------ PROVIDED RECORDS
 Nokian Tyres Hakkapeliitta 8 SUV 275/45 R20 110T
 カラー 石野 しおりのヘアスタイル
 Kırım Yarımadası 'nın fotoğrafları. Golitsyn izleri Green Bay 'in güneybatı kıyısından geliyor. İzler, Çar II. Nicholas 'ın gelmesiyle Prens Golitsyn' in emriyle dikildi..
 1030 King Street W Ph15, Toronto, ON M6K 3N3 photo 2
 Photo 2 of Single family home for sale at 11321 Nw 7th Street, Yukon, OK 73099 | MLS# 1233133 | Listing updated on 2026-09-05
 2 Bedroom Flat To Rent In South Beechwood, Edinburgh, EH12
------------
▶ ASSIGNMENT: All the entries should be written out again precisely.

▶ RESPONSE BOX:
 Nokian Tyres Hakkapeliitta 8 SUV 275/45 R20 110T
 カラー 石野 しおりのヘアスタイル
 Kırım Yarımadası 'nın fotoğrafları. Golitsyn izleri Green Bay 'in güneybatı kıyısından geliyor. İzler, Çar II. Nicholas 'ın gelmesiyle Prens Golitsyn' in emriyle dikildi..
 1030 King Street W Ph15, Toronto, ON M6K 3N3 photo 2
 Photo 2 of Single family home for sale at 11321 Nw 7th Street, Yukon, OK 73099 | MLS# 1233133 | Listing updated on 2026-09-05
 2 Bedroom Flat To Rent In South Beechwood, Edinburgh, EH12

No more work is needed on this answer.